Para enamorarse de Atenas hay, pues, que transitarla mucho. Acostumbrarse a sus mercados de aves y fruta en plena calle, al furor de las motocicletas, a su mezcla de edificios de los años 70 y palmeras, que permite imaginar la época en que esta ciudad era un seguro punto de paso entre Europa y los campos de entrenamiento de Oriente Próximo para las organizaciones armadas, desde los grupos palestinos a la RAF alemana, las Brigadas Rojas italianas y el PKK kurdo.
Un acto de reconciliación puede ser observar un atardecer desde el Aréopago, donde según la mitología fue juzgado Orestes por el asesinato de su madre, Clitemnestra, y el amante de esta, Egisto. Aquí los jóvenes se reúnen, armados con latas de cerveza, para ligar y ver cómo el añil se apodera del cielo vespertino sobre una miríada de terrados blancos que ocupan todo el espacio que abarca la vista.
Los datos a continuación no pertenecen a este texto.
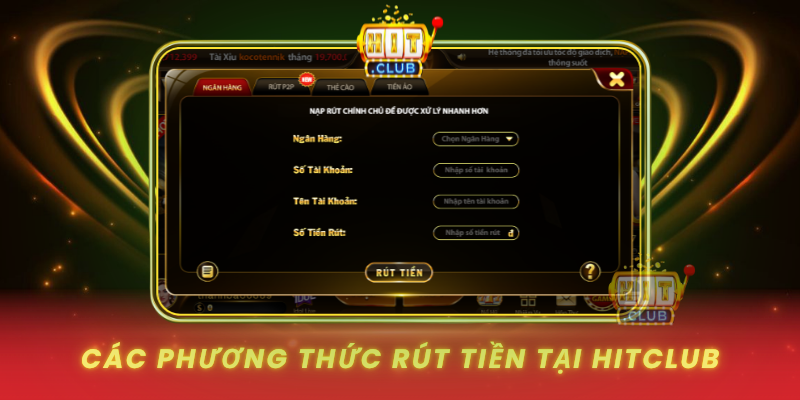 Cac Phuong Thuc Rut Tien Tai Hitclub1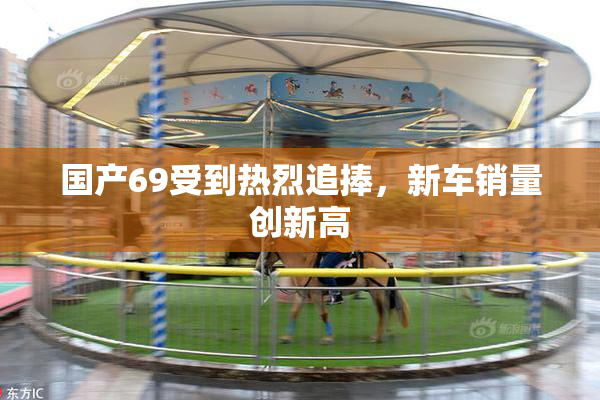 国产69受到热烈追捧，新车销量创新高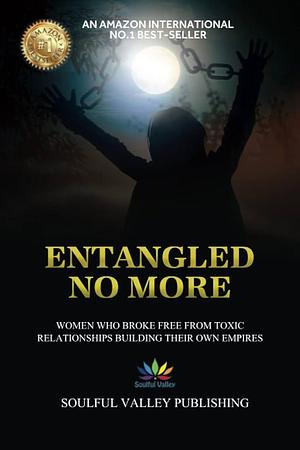 Entangled No More: Women Who Broke Free From Toxic Relationships Building Their Own Empires by Angela Harders, Bella Luna, Ailish Keating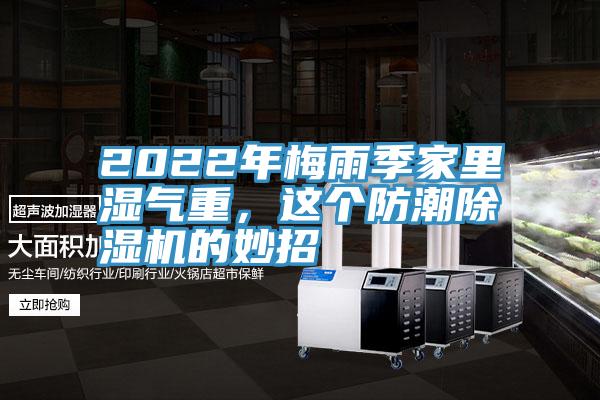 2022年梅雨季家里濕氣重，這個(gè)防潮除濕機(jī)的妙招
Llenas a todas horas, las terrazas de los cafés, esas modernas ágoras, son el otro pilar del alma ateniense. «Los turistas alemanes ven esto y luego no quieren darnos ayudas para salir de la crisis», bromea el periodista Pandelis Gonos. Sin embargo, el tópico de los griegos vagos es solo una ilusión. Según Eurostat, los griegos trabajan 42 horas por semana, más que nadie en la UE y también que los alemanes (40,8).
«Pase lo que pase, esto no nos lo podrán quitar». La frase de Gonos evoca el grito de guerra de un William Wallace heleno: «Podrán quitarnos los sueldos y las pensiones... lo que jamás podrán arrebatarnos es el modo de vida mediterráneo».